┌────────

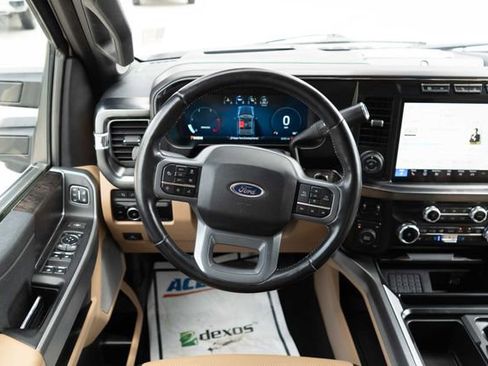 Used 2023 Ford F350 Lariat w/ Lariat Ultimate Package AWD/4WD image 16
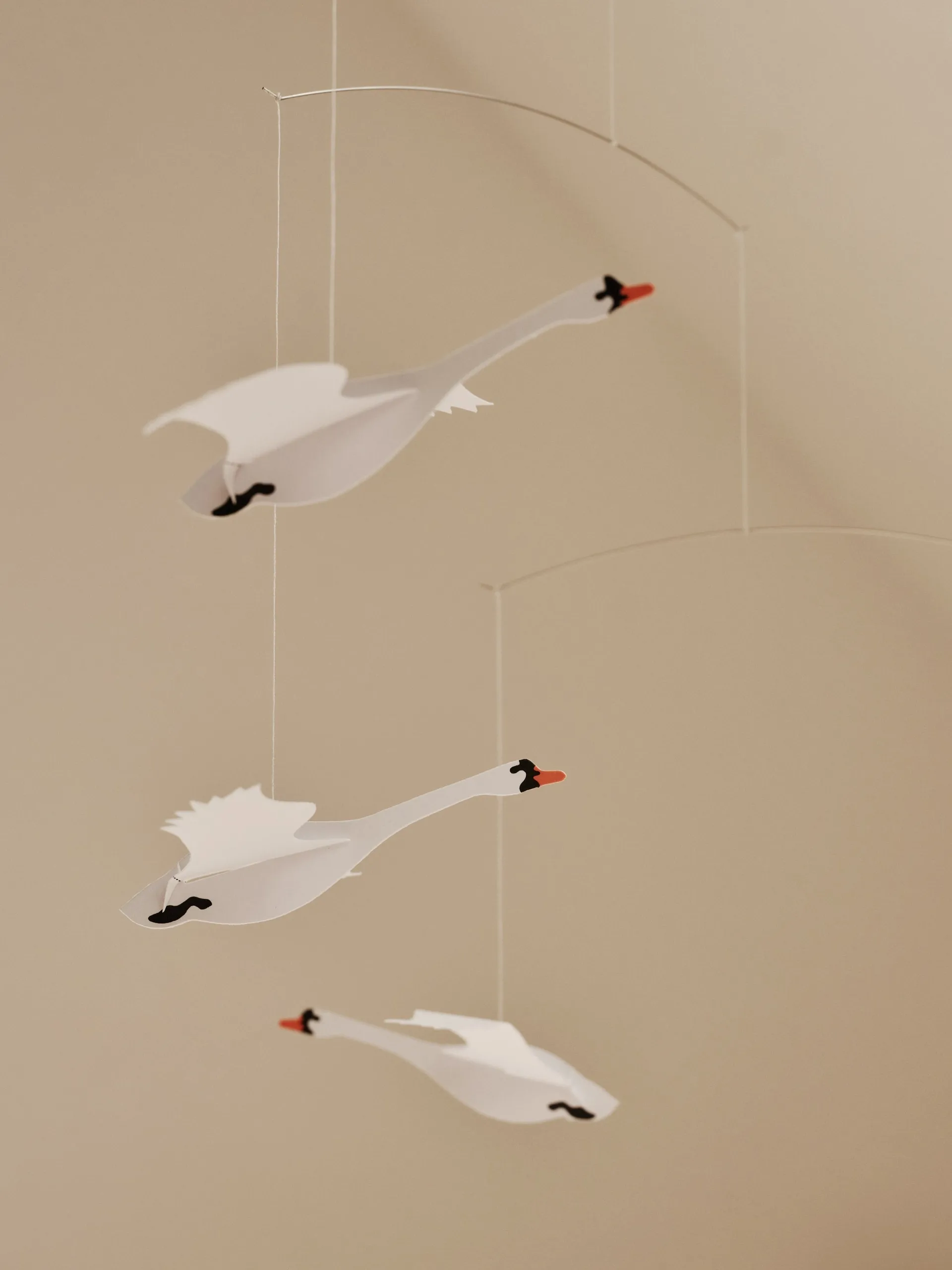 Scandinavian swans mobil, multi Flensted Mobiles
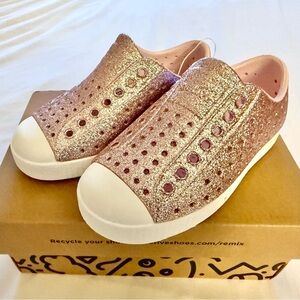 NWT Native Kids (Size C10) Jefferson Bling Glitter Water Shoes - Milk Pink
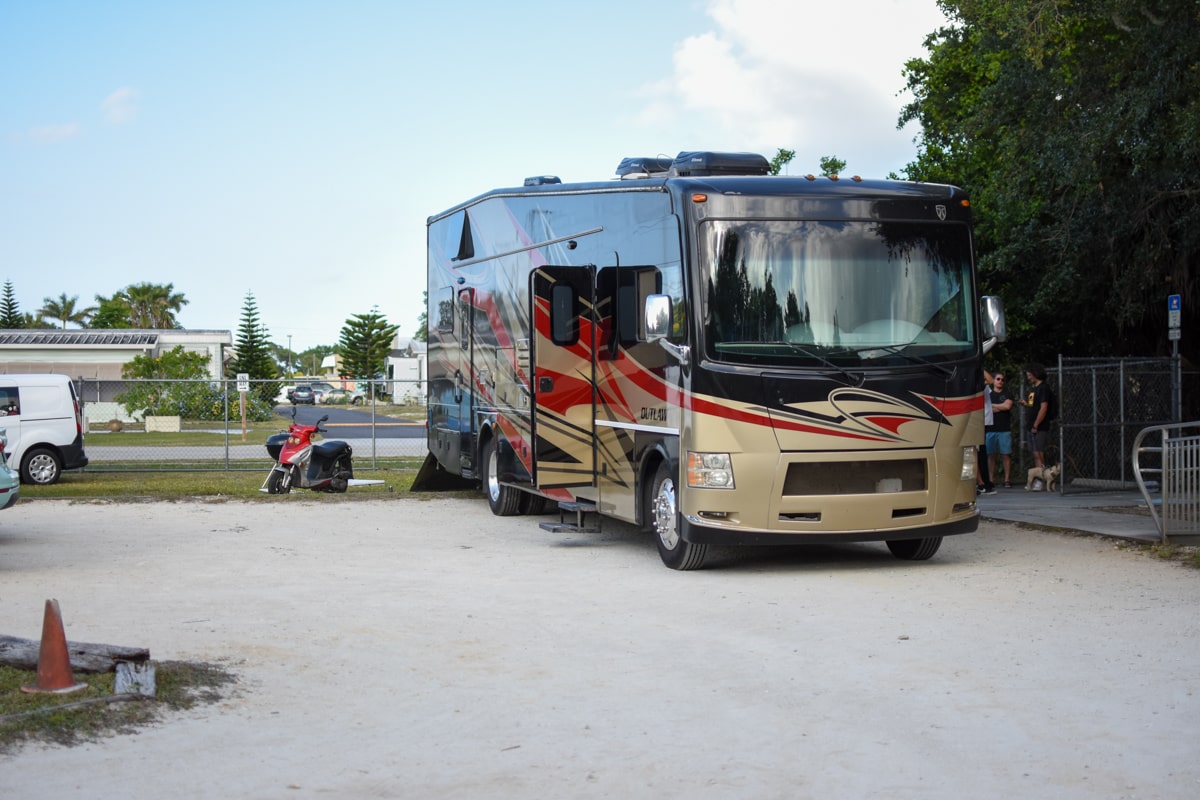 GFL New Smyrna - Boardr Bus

└────────

*Exercise goal:* Transcribe the span of lines that runs from the line with "NWT Native Kids" to the end of the data, both ends included, exactly, with nothing else and no pictures.

*Task answer:*
 NWT Native Kids (Size C10) Jefferson Bling Glitter Water Shoes - Milk Pink
 GFL New Smyrna - Boardr Bus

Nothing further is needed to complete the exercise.